═════ TASK MATERIAL ═════

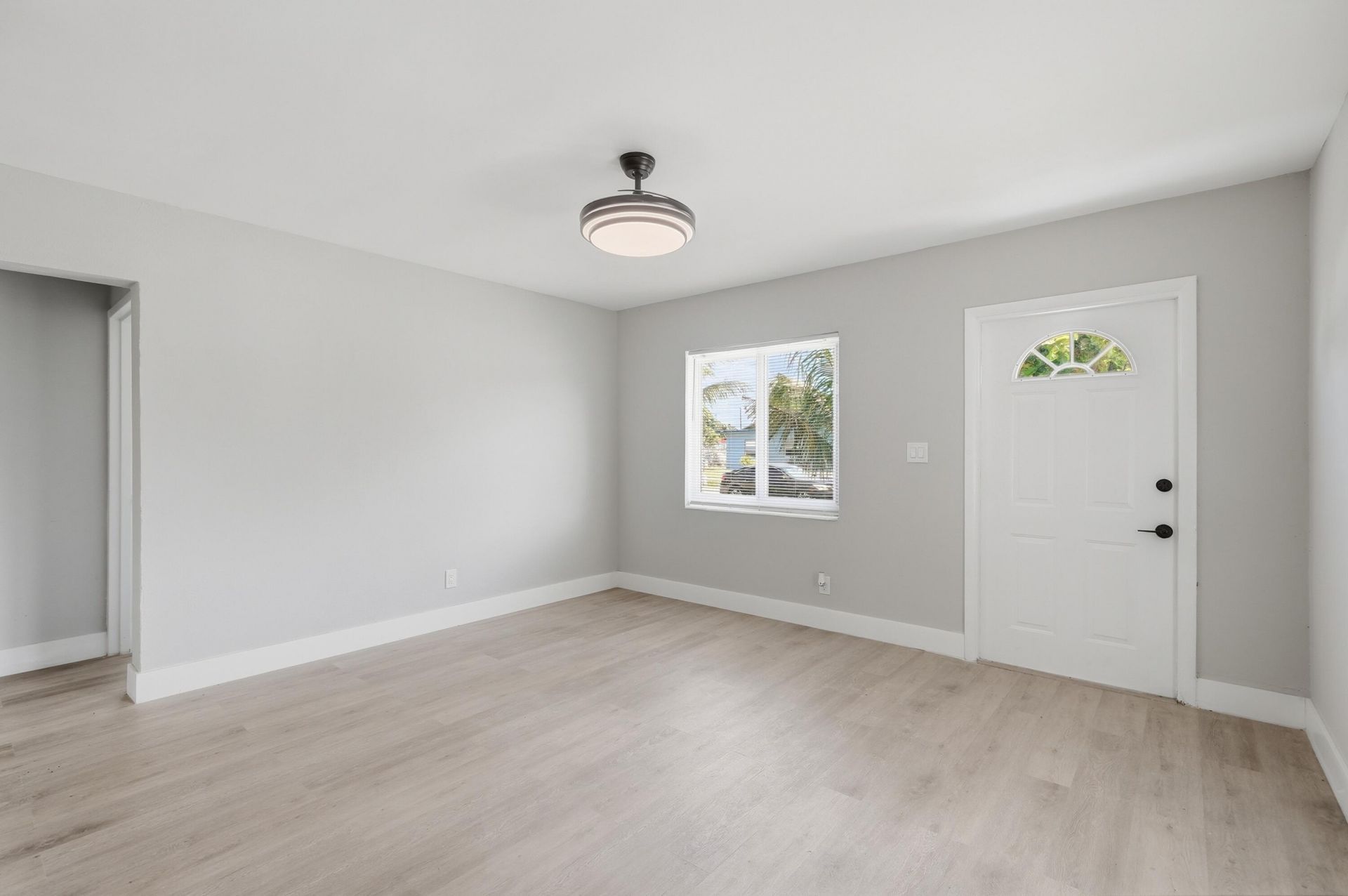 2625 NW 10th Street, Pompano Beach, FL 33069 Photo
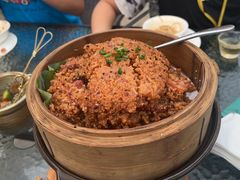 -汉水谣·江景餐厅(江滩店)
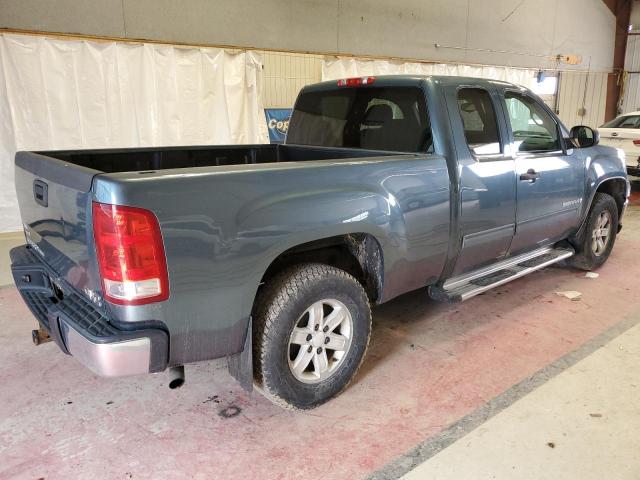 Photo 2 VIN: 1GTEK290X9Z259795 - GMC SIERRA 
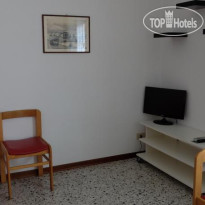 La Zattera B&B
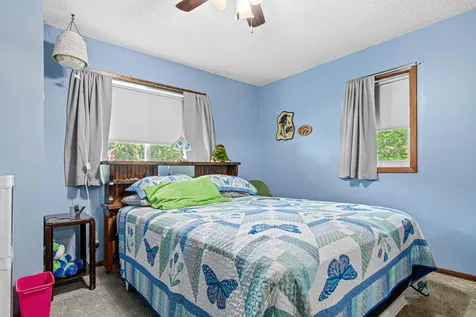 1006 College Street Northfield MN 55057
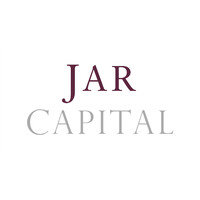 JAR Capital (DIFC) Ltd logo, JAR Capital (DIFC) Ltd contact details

═════

**WHAT TO PRODUCE**
Output the records exactly, and let none of their pictures appear in the copy.

**THE ANSWER**
 2625 NW 10th Street, Pompano Beach, FL 33069 Photo
 -汉水谣·江景餐厅(江滩店)
 Photo 2 VIN: 1GTEK290X9Z259795 - GMC SIERRA 
 La Zattera B&B
 1006 College Street Northfield MN 55057
 JAR Capital (DIFC) Ltd logo, JAR Capital (DIFC) Ltd contact details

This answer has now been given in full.